Work instructions:
Retype the listing exactly, with no images.

-- Data for processing follows --

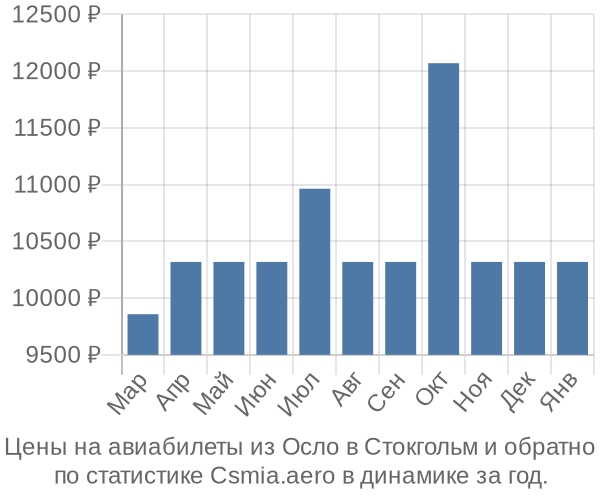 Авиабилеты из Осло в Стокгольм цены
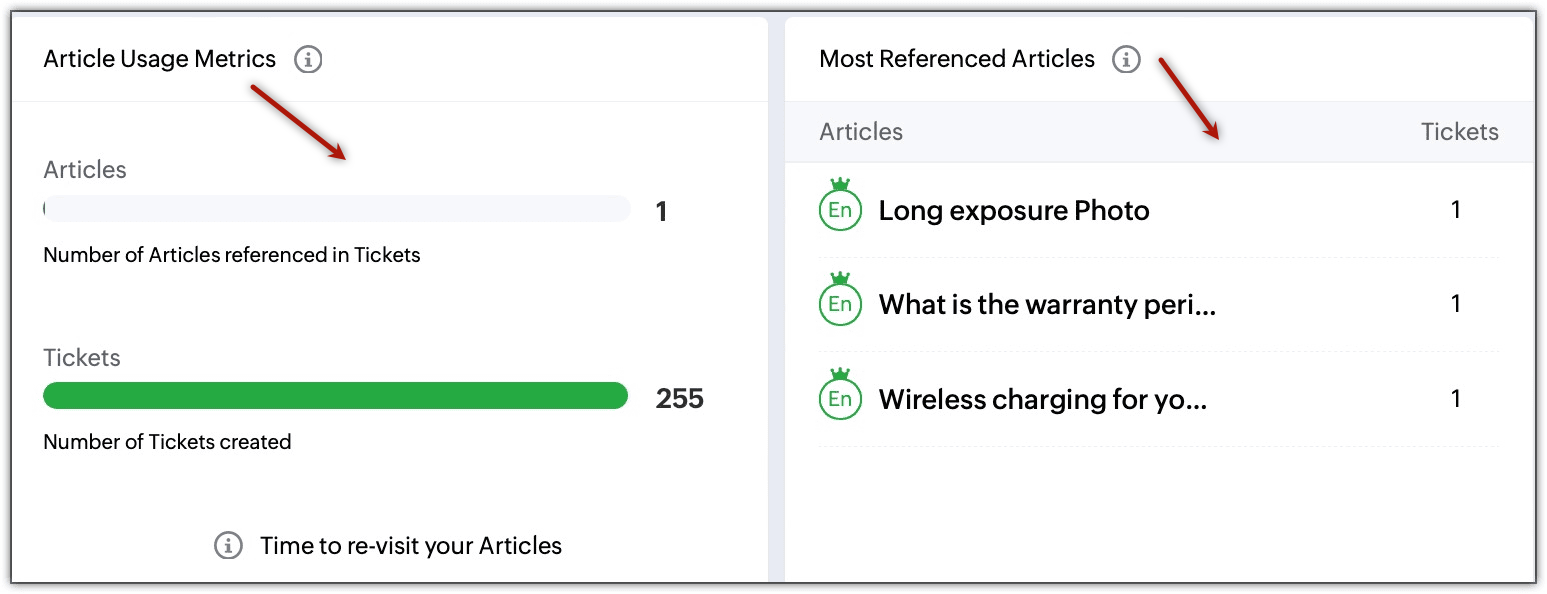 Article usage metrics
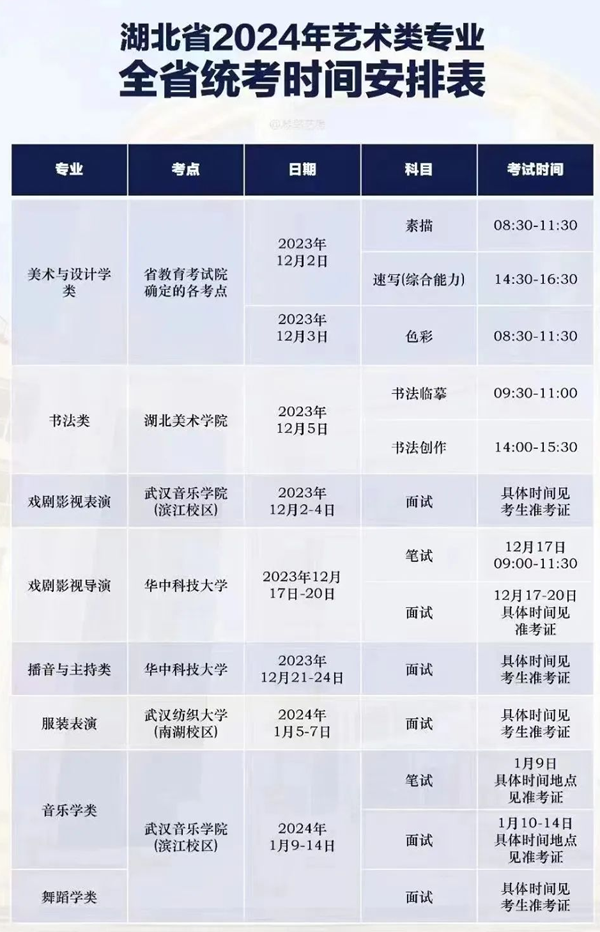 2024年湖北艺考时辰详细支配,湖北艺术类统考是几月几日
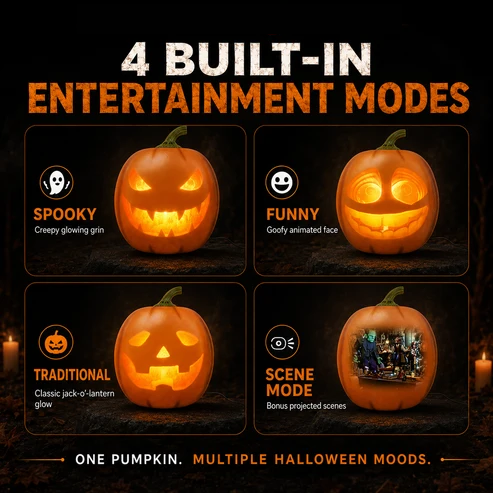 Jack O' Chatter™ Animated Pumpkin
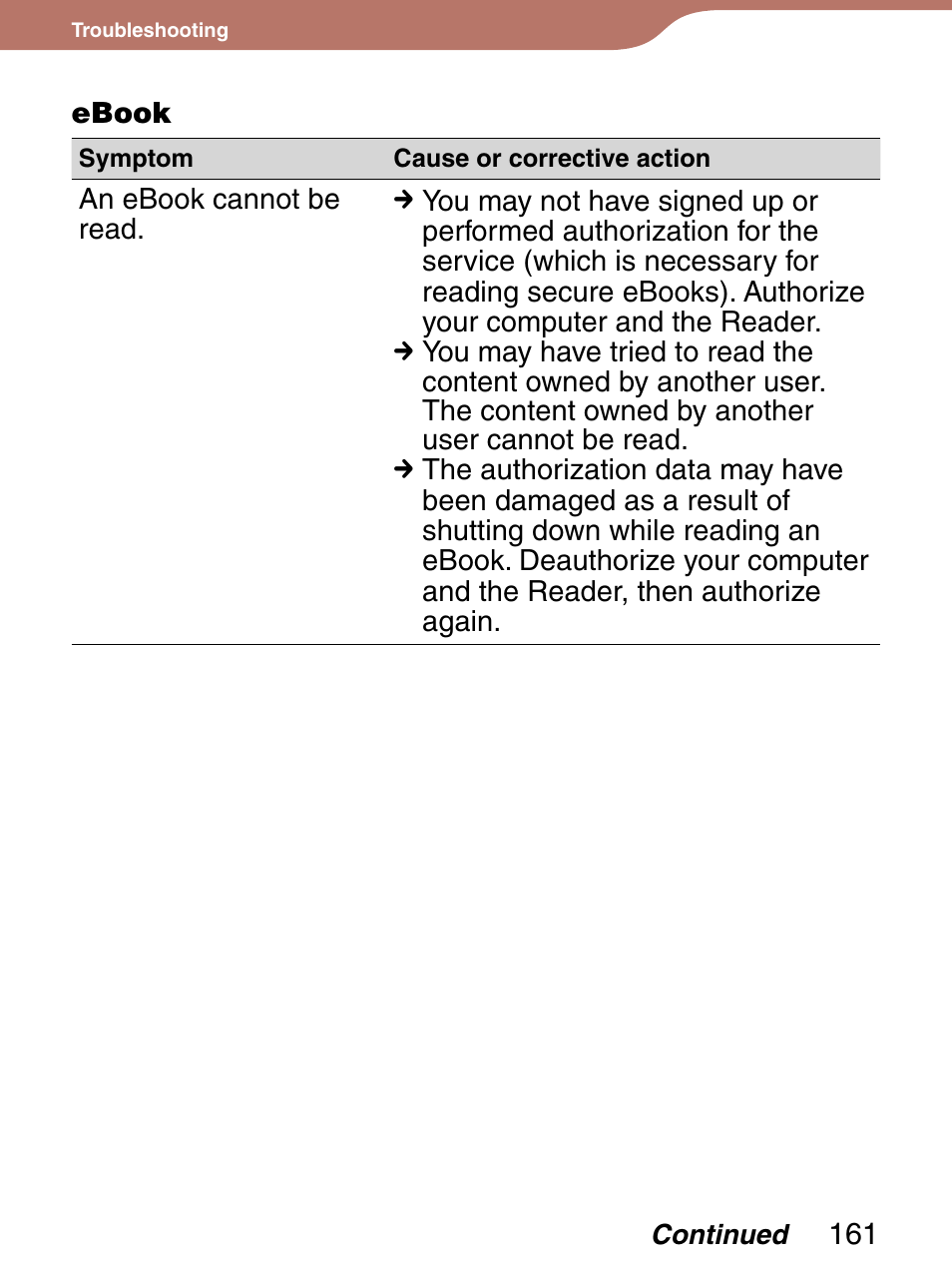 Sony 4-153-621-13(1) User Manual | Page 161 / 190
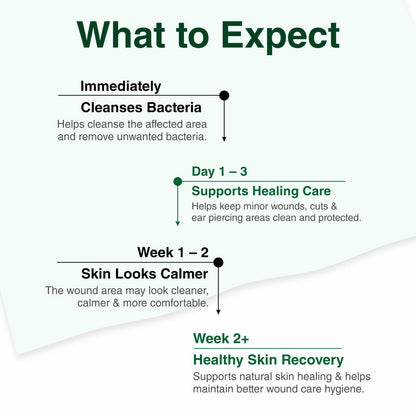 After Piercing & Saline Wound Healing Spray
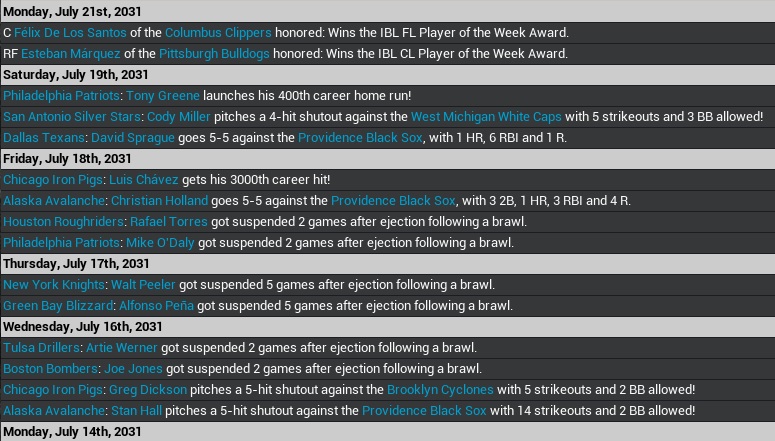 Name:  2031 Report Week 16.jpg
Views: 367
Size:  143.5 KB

-- Data for processing concluded --

Answer box:
 Авиабилеты из Осло в Стокгольм цены
 Article usage metrics
 2024年湖北艺考时辰详细支配,湖北艺术类统考是几月几日
 Jack O' Chatter™ Animated Pumpkin
 Sony 4-153-621-13(1) User Manual | Page 161 / 190
 After Piercing & Saline Wound Healing Spray
 Name:  2031 Report Week 16.jpg
Views: 367
Size:  143.5 KB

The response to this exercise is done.